When the Londoner bar at the Bristol Hotel, Manama, was in its zenith in 1992, a 17-year-old Irish girl with a guitar stepped onto the stage. As a favour to the girl’s father, musician Eibhlin Crosse let the girl accompany the group.

“I knew her father and he said ‘my little girl plays music, would you give her a chance?’ We did – and she was so outstanding she took over.”
Fifteen years later, Jane ‘Irish’ Mythen has performed her unique brand of folk music throughout Europe, North America and the Middle East. She has played at some of the most prestigious music festivals in the world and shared the stage with the biggest names in the genre.

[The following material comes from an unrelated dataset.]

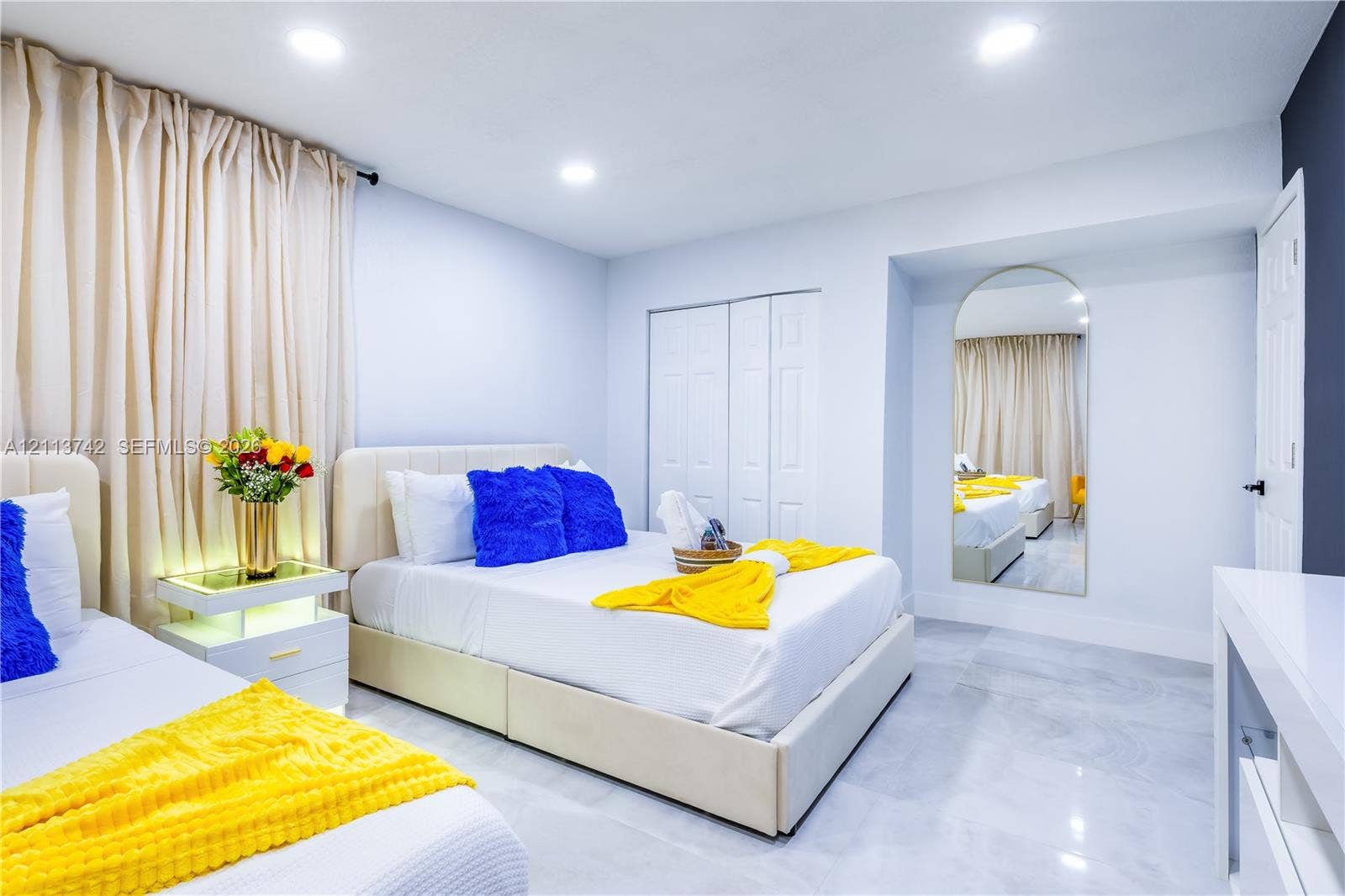 1930 NW 163rd St Road, Miami Gardens, FL 33054 Neutral wall finish, polished stone-finish flooring, recessed lighting, double-door closet with paneled detail, and integrated arch-top wall mirror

Now – with a little help from her friends – Irish is about to embark on one of the most exciting years of her career.
In January, with the financial support of eight long-term friends based in Bahrain, the singer recorded her first album Sweet Necessity with the renowned producer Paul Mills. In June it will be released in the US and Canada. 
Four couples, three of whom have known Irish since she moved to Bahrain in 1989 at the age of 14, were captivated by the singer’s talent.
“I’ve known them forever, since I was kid,” explains Irish, “and they were sick of me procrastinating. They told me if you build it, we’ll come. So they gave me a budget plan and told me to do it. I was just blown away.”
Musician Margaret-Ann Hanlon who along with husband Jim backed Mythen, said, “If she doesn’t make it, then no one has a chance.”
Jonty Crosse, a banker with Merrill Lynch who is also backing the singer with wife Eibhlin said: “I’m very proud of her and I’m tremendously envious, I like the fact she’s kept her passion going throughout the years.”
But Irish has not taken their support casually. “I’ve done over 2,500 gigs, and performed to audiences of 15,000, but these are eight people I really didn’t want to disappoint,” she said.
The result is an 11-track album that is intimately autobiographical, spiritedly political, broodingly philosophical – and a million miles from the over-produced voices of today’s charts.
As a child Irish was determined to sing and it was moving to Bahrain that provided the catalyst.
“When I moved to Bahrain I didn’t know anyone so my parents bought me a guitar and I taught myself how to play. I’ve been gigging on and off ever since,” she said.
She cites Tracy Chapman and Suzanne Vega as her influences, but is reluctant to pigeon-hole her sound. “I like to call it new folk because folk gives off connotations of guys waving hankies with long hair,” she says.
But it is Irish’s peripatetic lifestyle that has informed her work. By the age of 32, Irish has lived in Ireland, Trinidad, UAE, Bahrain, Sweden, Australia, and the UK.
She is the kind of woman who at the age of 18 picked up a guitar and a rucksack and hitched around Ireland for a year.
“A guy picked me up outside Galway with his Swedish girlfriend and in the evening I played for them. A year later he called me and said he was running Gothenburg Irish music festival and asked me to come and play. I was supposed to stay there for a week but ended up staying a four-and-half years.”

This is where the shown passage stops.